In many mineral resource-dependent African countries, it is no secret that government oversight agencies tend to be underskilled and/or under-staffed. The government thus relies on the mineral resource companies to tell them how much ore is in the ground, the quality of that ore and how much they are getting paid for it. This creates a huge information asymmetry to the detriment of the governments. In 2020, the UN report “Tackling Illicit Financial Flows for Sustainable Development in Africa” reported that Africa loses at least N$691 billion a year due to illicit financial flows in the mining industry. Most of this loss is due to under invoicing – for example a company would tell the host country the value of the mined resources is N$500 million, when in fact they are worth N$650 million in the destination country.

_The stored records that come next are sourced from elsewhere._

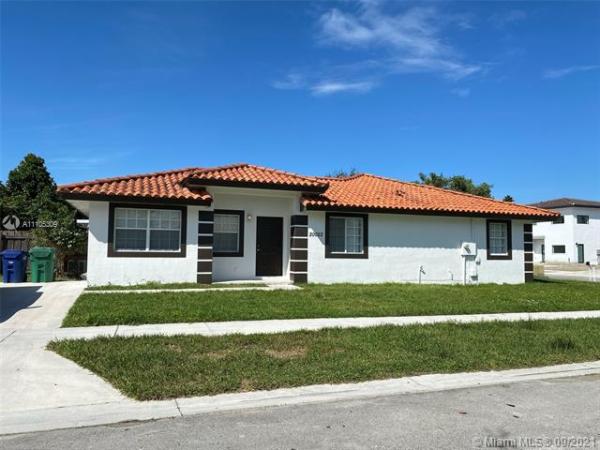 Sabrina Twinhomes, 20022 SW 122nd Ct, South Miami Heights, Florida 33177, image 2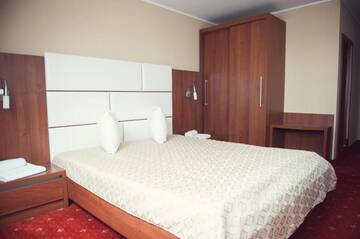 Фото номера Люкс с 1 спальней Отель Hotel Impero г. Орадя 9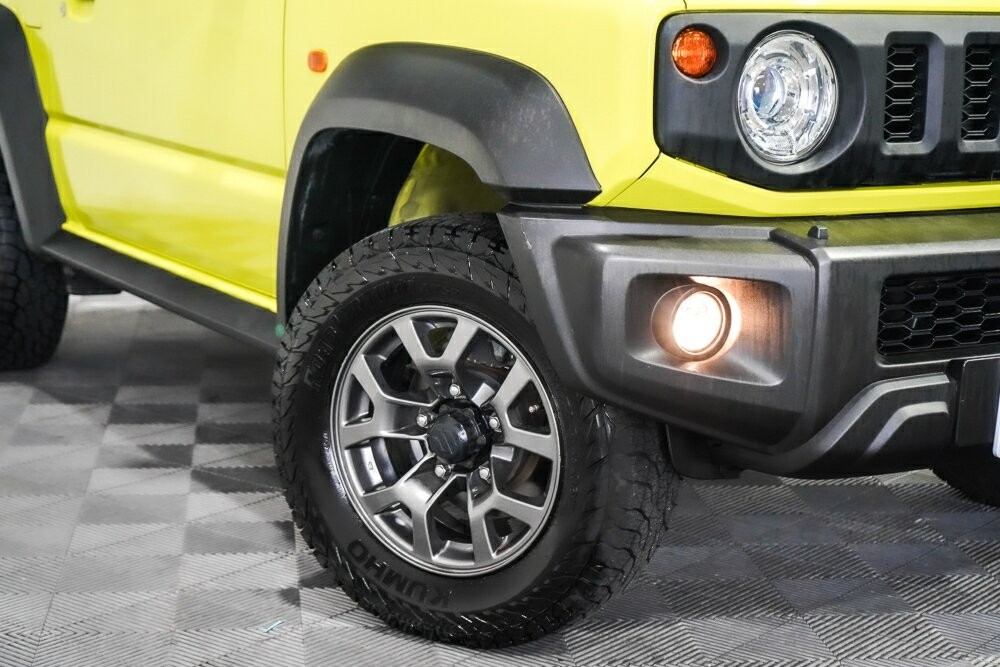 Suzuki Jimny image 2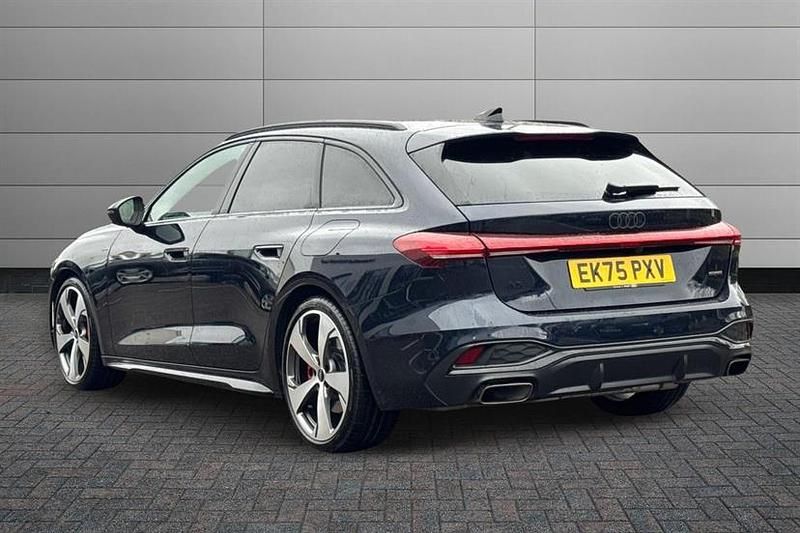 Used Audi TT Sport 197 HP (144 kW) 2021 Navarra blue Coupe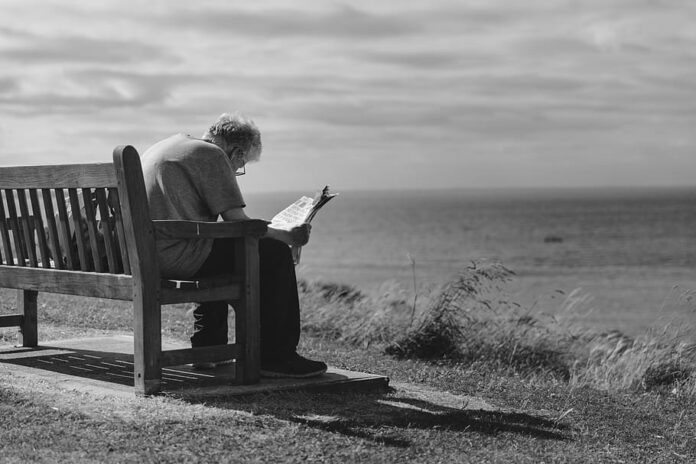 adult-beach-bench-black-and-white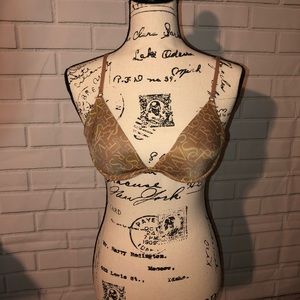 Victoria Secret Bra Size 34B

The imbalance of information crucial for decision making is made worse by the fact that despite being a major global producer of mineral commodities, there isn’t a single metal exchange in Africa, and apart from SAMREC in South Africa, no country in Africa has a national code for reporting mineral and energy resources to stock exchanges and financial institutions. The importance of reporting codes and stock exchanges should not be underestimated. Reporting codes create an environment to hold those reporting mineral resources accountable. They provide guidelines for reporting and displaying information related to mineral properties and lead to the production of standardized reports.

Stock exchanges are obliged to disclose to the public various aspects of mineral projects. This, in part, mitigates the information imbalance between the industry players and the governments. Additionally, regulators in countries that host stock exchanges have means by which they hold listed companies accountable. For example, this year Glencore was found guilty of bribery and engaging in corruption in a number of African countries. Consequently, the UK and US fined Glencore US$333 million and US$ 1 billion, respectively. It is crucial to note that the countries where the corruption took place will not receive any of this money. Not to mention that the corrupt African counterparts are themselves not held accountable. In the case of Namibia, the exploration and mining sector is made up of various companies/investors – local, foreign, foreign government, Namibian government and joint ventures between the various parties. For companies that are listed, it is relatively easy to find both technical and non-technical details on the companies and their projects.  For all other companies, information available to the public is at the discretion of the company. This includes even information that should by law be made publicly available such as Environmental Management Plans. It is this information vacuum that leads to distorted regulatory oversight, a misinformed and dissatisfied public and inactive local civil society movements.

To address issues such as corruption, information asymmetry and misinvoicing, the Africa Mineral Development Centre (AMDC) has developed an African Mineral and Energy Resources Classification and Management System (AMREC) which is based on the United Nation Framework Classification for Resources.  The development of UNFC-AMREC, together with the Pan-African Resource Reporting Code (PARC), aims not only to ensure a harmonised resource classification and management system across Africa but also to encourage transparency in financial reporting and broader participation of African citizens in the industry. The harmonised, transparent and public availability of resource data and associated deals acts as a corruption deterrent by enabling the public scrutiny of information. Transparency also fosters a trust relationship between the various stakeholders. As opposed to reporting codes that only categorizes economic resources, AMREC has a provision to report uneconomic mineral occurrences. Governments can therefore use AMREC to facilitate mineral resource policy and strategy formulation for sustainable development. The bottom line is this – only when we know what we have, can we determine what it’s worth. Information truly is power.